How do you solve $2f\left( {5f - 2} \right) - 10\left( {{f^2} - 3f + 6} \right) = - 8f\left( {f + 4} \right) + 4\left( {2{f^2} - 7f} \right)$?

Answer 1

Hint: In this question we have to solve the equation for\[f\], for this we will open the brackets and then after simplifying the given equation, then the equation will become a linear equation with the degree of the highest exponent of \[x\] is equal to 1. To solve the equation take all \[x\] terms to one side and all constants to the other side and solve for required \[x\].

Complete step by step answer:
Given equation is $2f\left( {5f - 2} \right) - 10\left( {{f^2} - 3f + 6} \right) = - 8f\left( {f + 4} \right) + 4\left( {2{f^2} - 7f} \right)$, and we have to solve for \[f\],
Now transform the given equation by opening the brackets, i.e.,
$ \Rightarrow 10{f^2} - 4f - 10{f^2} + 30f - 60 = - 8{f^2} - 32f + 8{f^2} - 28f$,
Now simplifying the equation by eliminating the like terms we get,
$ \Rightarrow - 4f + 30f - 60 = - 32f - 28f$,
Now simplifying the equation we get,
$ \Rightarrow 26f - 60 = - 60f$,
Now we got an equation which is is a linear equation as the highest degree of\[x\]will be equal to 1,
Now adding 60 to both sides of the equation, we get,
$ \Rightarrow 26f - 60 + 60 = - 60f + 60$,
Now simplifying we get,
$ \Rightarrow 26f = - 60f + 60$,
Now add 60f to both sides we get,
\[ \Rightarrow 26f + 60f = - 60f + 60 + 60f\],
Now simplifying we get,
\[ \Rightarrow 86f = 60\],
Now divide both sides with 96 we get,
\[ \Rightarrow \dfrac{{86f}}{{86}} = \dfrac{{60}}{{86}}\],
Now simplifying we get,
\[ \Rightarrow f = \dfrac{{30}}{{43}}\],
So, the value of \[f\] is \[\dfrac{{30}}{{43}}\].

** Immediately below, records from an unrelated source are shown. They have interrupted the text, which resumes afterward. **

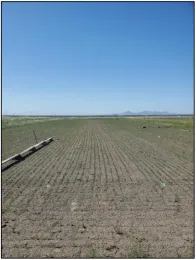 Screenshot 2024-06-07 at 5.49.59 PM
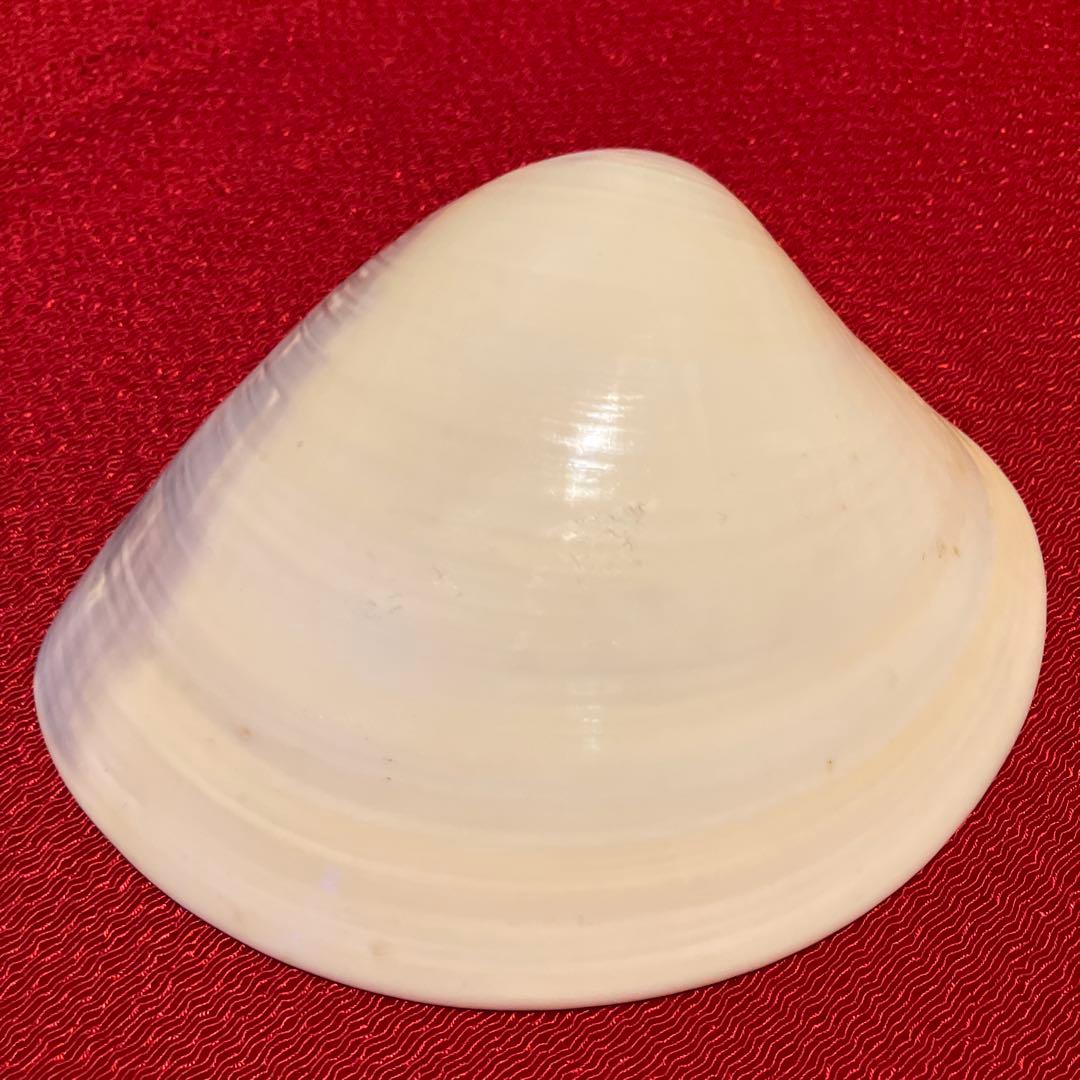 貝合わせ 池坊専好立花図 金彩蛤香合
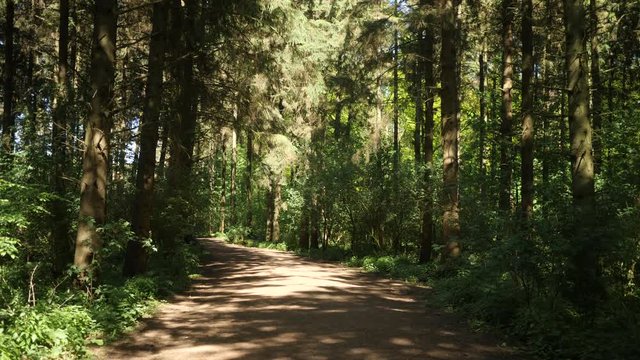 Walking through quiet pine forest on a spring day, gimbal shot.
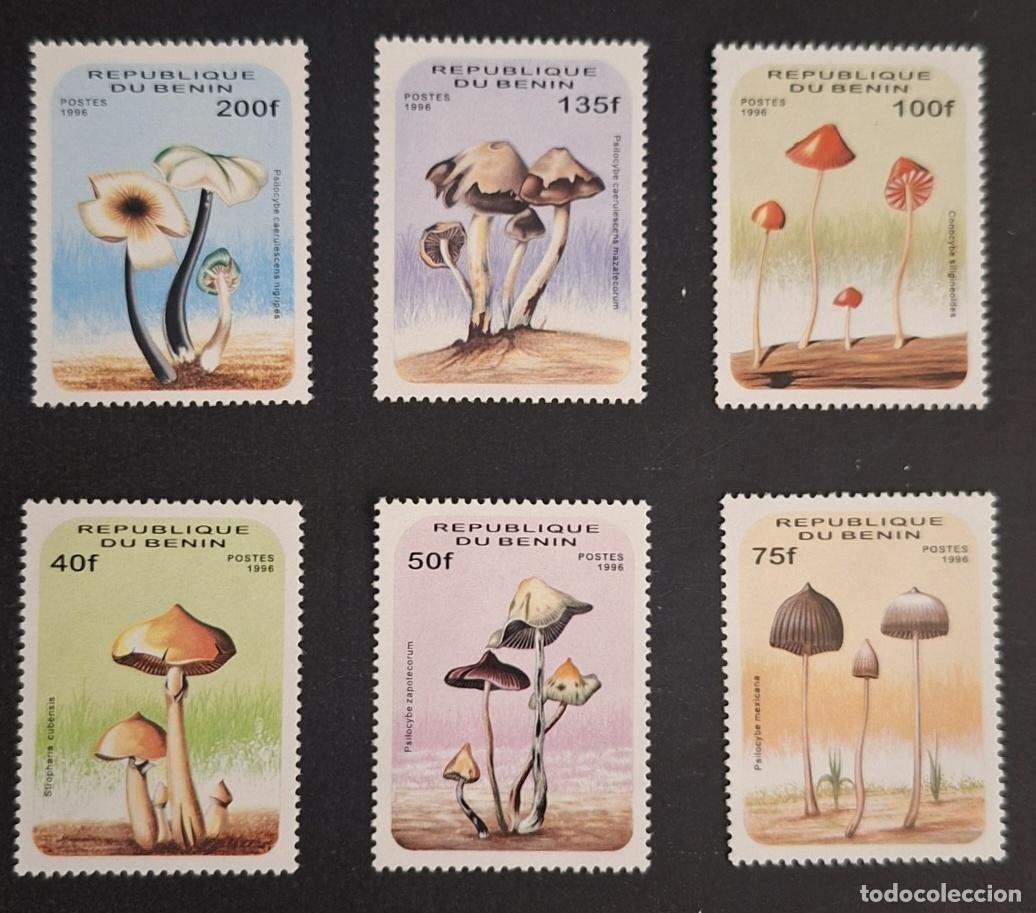 Sellos: Ben&iacute;n 1996 Mi. 849-854 hongos Psilocybe Conocybe micolog&iacute;a flora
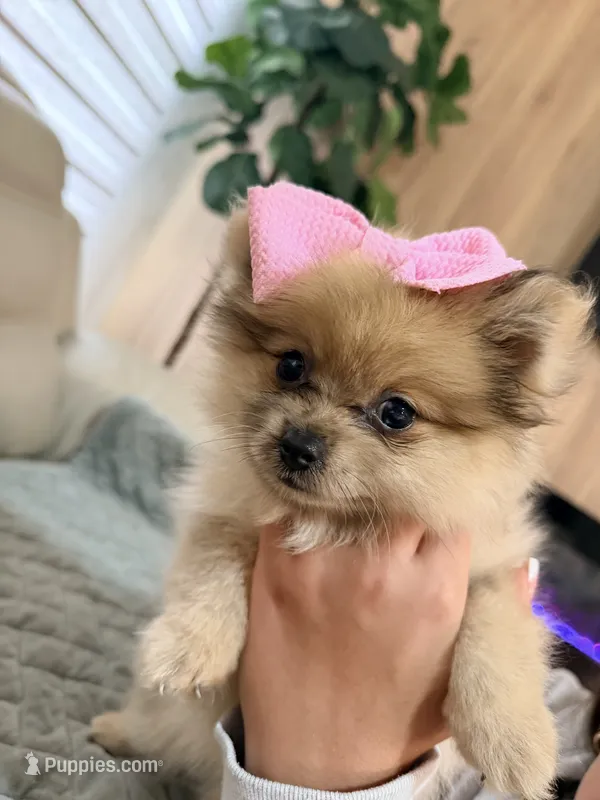 Lili – Pomeranian puppy for sale in Ocala, FL
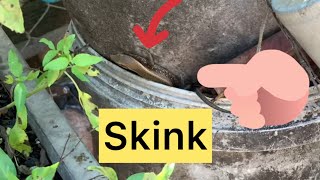 animal skink skinkraftreview skinkeren skinkof skinkontest skinks [upl. by Liagabba335]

\[\therefore \]The value of \[f\] when the equation $2f\left( {5f - 2} \right) - 10\left( {{f^2} - 3f + 6} \right) = - 8f\left( {f + 4} \right) + 4\left( {2{f^2} - 7f} \right)$ is solved will be equal to \[\dfrac{{30}}{{43}}\].

Note:
A linear equation is an equation of a straight line having a maximum of one variable. The degree of the variable will be equal to 1. To solve any equation in one variable, pit all the variable terms on the left hand side and all the numerical values on the right hand side to make the calculation solved easily.